**BRIEF**.
Retype, exactly and with nothing added, the lines from the one showing "Bild enthält, Gravel, Road, Fir, Tree, Spoke, Tarmac, Alloy" through the final line of the material. Omit pictures.

**RECORDED DATA**.
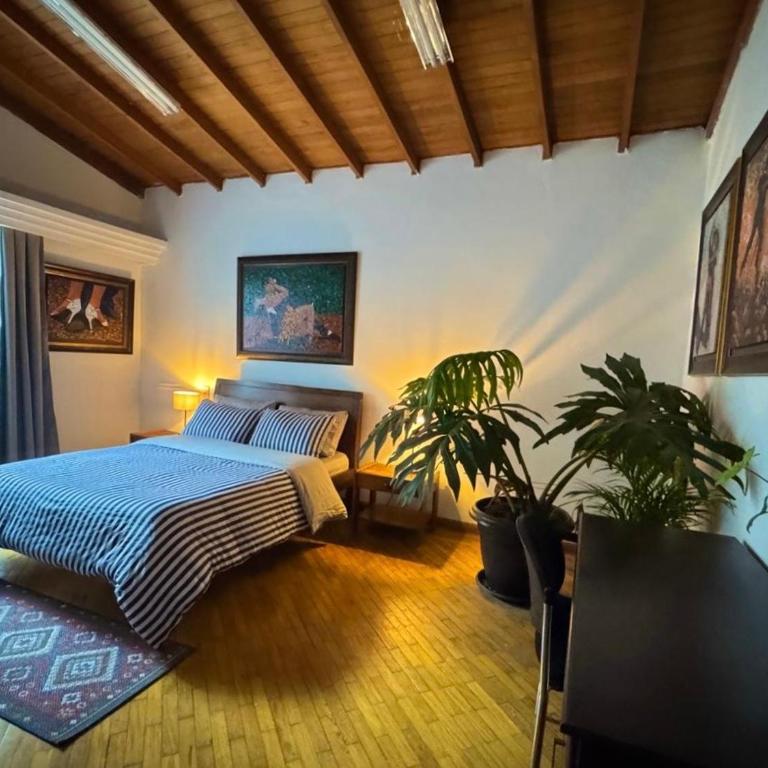 Casa ROMERO EN FLOR - Habitación Deluxe - 4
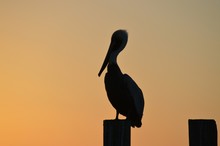 Silhouette Pelican On Wooden Post At Sunset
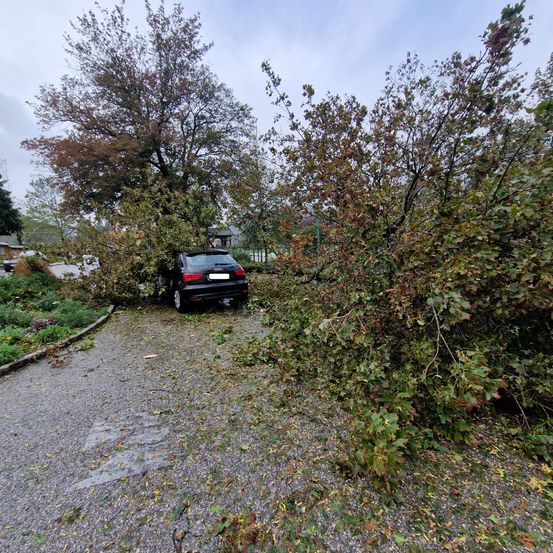 Bild enthält, Gravel, Road, Fir, Tree, Spoke, Tarmac, Alloy Wheel, Car, Vegetation, Person
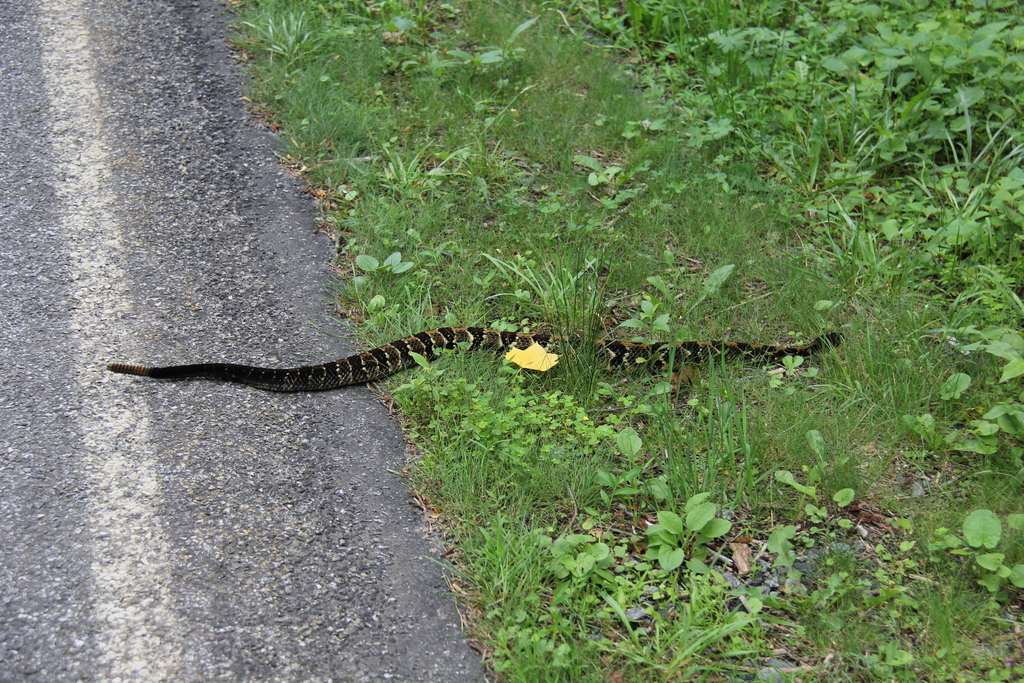 Timber Rattlesnake in June 2015 by kdwoj. Crossing the road in front of ...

**OUTPUT**.
 Bild enthält, Gravel, Road, Fir, Tree, Spoke, Tarmac, Alloy Wheel, Car, Vegetation, Person
 Timber Rattlesnake in June 2015 by kdwoj. Crossing the road in front of ...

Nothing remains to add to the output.